Abstract

Hypertrophic cardiomyopathy (HCM) is clinically defined by the presence of unexplained left ventricular (LV) hypertrophy in the absence of abnormal loading conditions. Although HCM was once considered a rare disorder associated with a poor prognosis, epidemiologic studies have detected HCM in around 1 in 500 individuals, most of whom have relatively good prognoses. Dynamic LV outflow tract (LVOT) obstruction (LVOTO) is an important and frequent manifestation of HCM and can be a major cause of symptoms such as dyspnea, chest pain, presyncope, and syncope. Symptoms in patients with HCM may be due to LVOTO but can also be caused by regional myocardial ischemia, diastolic dysfunction, arrhythmias, and systolic dysfunction.

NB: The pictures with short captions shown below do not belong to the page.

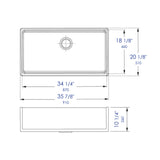 ALFI brand 36" Fireclay Farmhouse Sink, White, AB536-W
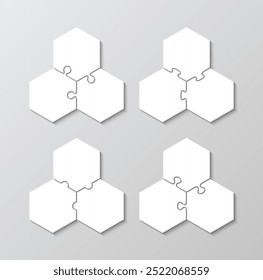 Sechseckige Puzzle-Vorlagen mit 3 Details. Schneiden Puzzle-Stücke Grid-Sammlung. Hexagon-Schema des Denkspiels. Moderner Hintergrund mit Mosaikformen. Einfache Rahmenfliesen. Vektorgrafik.
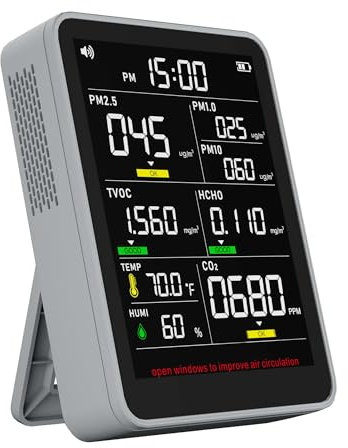 13-in-1 Professional Indoor Air Quality Monitor Indoor Portable PM2.5/PM10/CO2,Temperature, Formaldehyde Detector,Humidity TVOC,Time Display with AQI Beep Alarms Air Quality Tester, for Home & Office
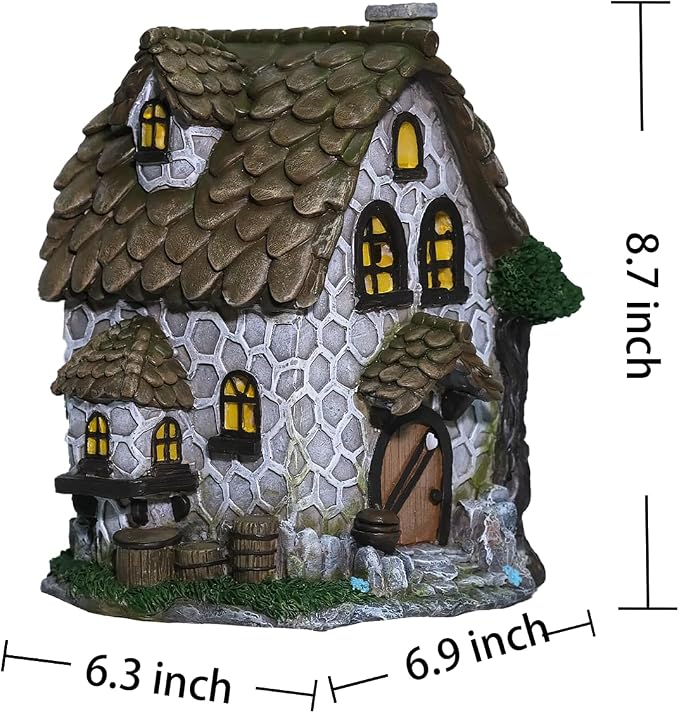 Solar Garden House Statues Outdoor Yard Resin Decoration Gift Handmade Housewarming Gift for Patio Yard Lawn Waterproof Cracking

Dynamic LVOTO can often be controlled with medical therapy, and when necessary, interventional therapy with septal alcohol ablation or surgical myectomy can be performed with low patient risk at experienced centers. Echocardiography plays a critical role not only in the diagnosis of HCM but also in the follow-up and risk stratification of an affected individual. In addition, echocardiography has provided valuable insights into the mechanism of obstruction in HCM. The cause of LVOTO is multifactorial and includes not only vigorous LV ejection but also alterations in chamber geometry and morphology. LVOT cross-sectional area has been shown to be reduced because of a combination of septal hypertrophy and anterior displacement of the mitral valve apparatus and papillary muscles. Rapid LV ejection leads to a Venturi effect, which in the presence of elongated mitral leaflets and greater coaptation of the mitral leaflets at the leaflet body rather than tips, as well as drag forces, results in systolic anterior motion of the mitral valve. In a minority of patients, the dynamic obstruction is primarily at the midventricular level.